更地価格と建付地価格の違い

更地とは

不動産鑑定評価基準において更地は次のように定義されています。

更地とは、建物等の定着物がなく、かつ、使用収益を制約する権利の付着していない宅地をいう。

不動産鑑定評価基準 総論第2章 第2節Ⅰ

※使用収益する権利とは借地権等のことです。

建付地とは

区分所有建物

建付地の定義はこちらです。

建付地とは、建物等の用に供されている敷地で建物等及びその敷地が同一の所有者に属している宅地をいう。

不動産鑑定評価基準 総論第2章 第2節Ⅰ

簡単に言うと、「建物と土地が同一所有者である場合の土地部分」となります。

更地価格と建付地価格

更地は、未利用の状態ですので常に最有効使用の建物が建てられると考えます。

一方、建付地は既に建物が建っているので、その建物によって使用方法が制約されます。

つまり建物と土地の適応状態によって建付地の価格が変わることになります。

建物と土地の関係大小関係
最有効建物が建っていない場合更地価格>建付地価格
最有効建物が建っている場合更地価格=建付地価格
最有効建物が建っている場合(一定の場合)更地価格<建付地価格

上記ケースごとに詳しくご説明します。

❶最有効の建物が建っていない場合

例えば、繁華性の高い商業地域に存在する土地に戸建住宅が建っている場合について考えてみます。


土地のポテンシャルを最高度に発揮するためには商業ビルが良いのですが、既に戸建住宅が存在していますので、その使用方法は戸建住宅が存在することによって制約を受けてしまいます。

一方、もしも更地であった場合には、最有効使用の建物である商業ビルとして使用することが可能です。

同じ土地であっても、土地に不適応な建物が建っている場合には土地のポテンシャルを活かしきれていない「建付減価」と呼ばれる減価が発生します。

このような場合には、更地価格>建付地価格となります。

❷最有効の建物が建っている場合

同じく、繁華性の高い商業地域に存在する土地に商業ビルが建っている場合について考えてみます。

最有効使用の建物が建っている場合には、「更地価格」と「土地建物一体価格の内訳としての建付地価格」は通常一致すると考えられます。

❸最有効の建物が建っている場合(一定の場合)

同じく、繁華性の高い商業地域に存在する土地に商業ビルが建っている場合について考えてみます。

最有効使用の建物が建っている場合の建付地価格は更地価格と一致するのが通常ですが、次のような場合には、建付地価格が更地価格を上回ることもあります。

既存不適格建築物の場合

「既存不適格建築物」とは建物を建築した当時は基準に合致していたものが、法律改正等によって基準に合わなくなった建物のことです。

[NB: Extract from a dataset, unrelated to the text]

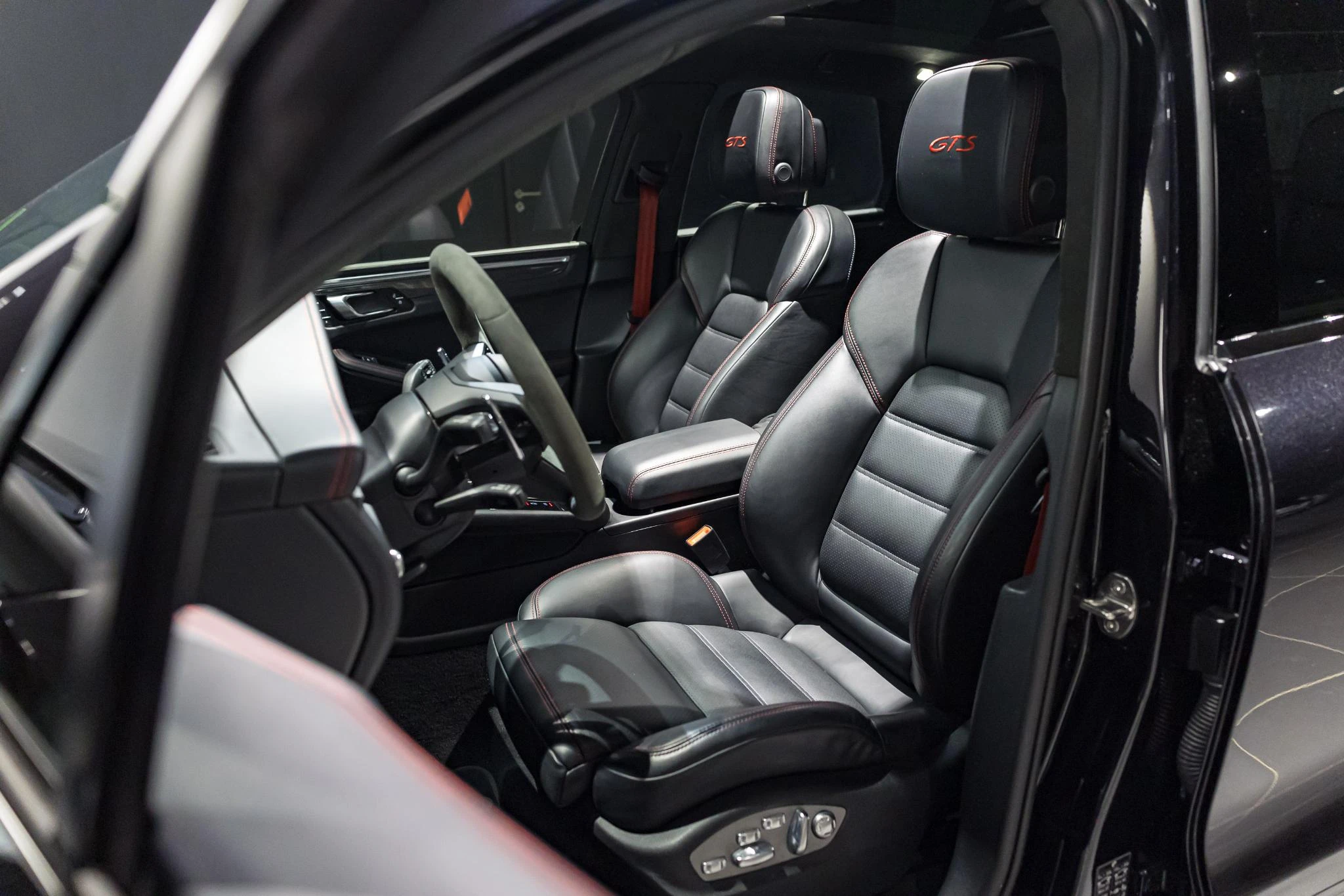 Porsche-Macan-image-8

例えば、建築当時は問題なかった容積率が容積率変更によって、現行の上限である容積率を超過している場合には、更地価格よりも高い建付地価格となり得ます。(必ずではありません)

賃貸用不動産等で市場状況が良好である場合

例えば、満室稼働の賃貸用不動産等の場合、次のような理由から更地価格よりも高い建付地価格となり得ます。

・更地の場合に必要となる未収入期間(建築期間)や費用を考慮する必要がない。

・すでに賃貸されており、収益の予測が行いやすいためリスクが低い。

まとめ

土地建物一体の不動産についてその土地価格を知りたいという場合、「更地として求める価格(独立鑑定評価)」と「建付地として求める価格(部分鑑定評価)」では価格が異なる可能性があります。

また、「更地評価」なのか「建付地評価」なのか自体が非常に重要な意味を持ちますのでご注意ください。